God had the same problem, incidentally—needing to convey His message to earthlings in an unforgettable, workable way.
I’m certain you know what He did. He used a Word.
Yes, you are recalling now that the Lord Jesus is called “The Word.”
Here is how the Apostle John put it…
“In the beginning was the Word. And the Word was with God, and the Word was God…. The Word became flesh and dwelt among us. And we beheld His glory, the glory as of the only begotten from the Father, full of grace and truth.” (John 1:1,14)
That Word was Jesus.
And again…
“What was from the beginning, what we have heard, what we have seen with our eyes, what we beheld and our hands handled, concerning the Word of Life….what we have seen and heard we proclaim to you also, that you may have fellowship with us….” (I John 1:1,3).
God in Heaven–the Author–put His message in a Person whom He called “The Word” and sent that One to earth so people could see and hear and touch, and believe.
Jesus said, “He who has seen Me has seen the Father” (John 14:9).
We get the Message, Lord. (Oh, and thank you very much.)
There is a sense in which we earthlings are reproducing Jesus in this world. Or, to be more exact, the Holy Spirit is producing Christlike people in this world. The Apostle Paul said, “But we all…are being transformed into the same image from glory to glory, just as from the Lord, the Spirit” (2 Corinthians 3:18).
We shrink from making such a statement, but there is a sense in which we ought to be able to say to people, “You want to see God? (or Jesus?) Look at me.” And then, pointing at a brother or sister, “Look at him. Look at her.”

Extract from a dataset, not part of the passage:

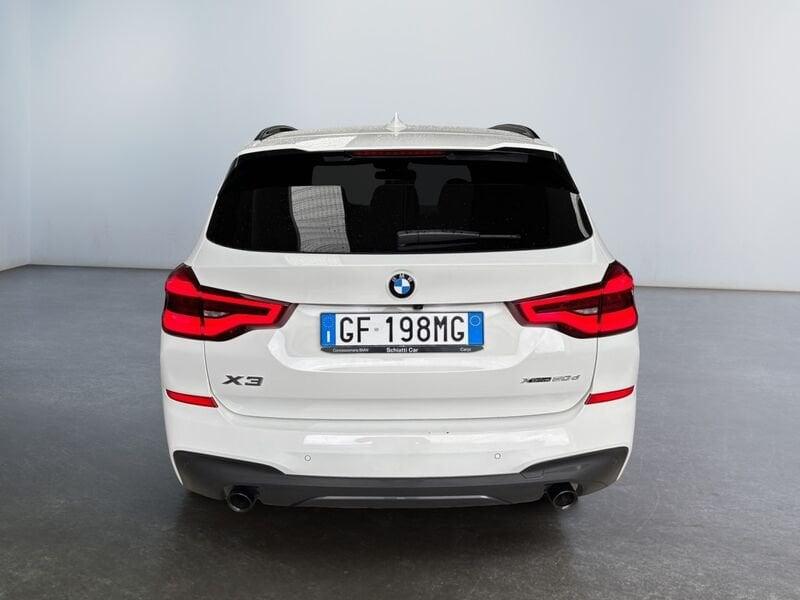 BMW X3 X3 xdrive20d mhev 48V auto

That is actually the plan, in a manner of speaking. (We must not press this metaphor too hard, because nothing the Spirit will do in you or me in this life will detract from the unique thing He has done in Jesus Christ. All our Christlikeness should simply point others to Jesus.)
It’s an odd thing. The more like Jesus Christ I become in this world, the more I become my authentic self, and less a clone of anyone or a copy or reproduction of anything. (Mull on that for a while!)
Those who fear coming to Jesus because they don’t want to become a clone of some Christian whom they dislike need not to worry. That is not going to happen.
He will make you into the you He had in mind from the beginning. And that’s a pretty wonderful thing, incidentally.
Dear Lord, let Your divine Image be seen in this world in my life, through my words and deeds and mannerisms. May people believe in Jesus because of me, as far-fetched as that may seem. For Thy glory. Amen.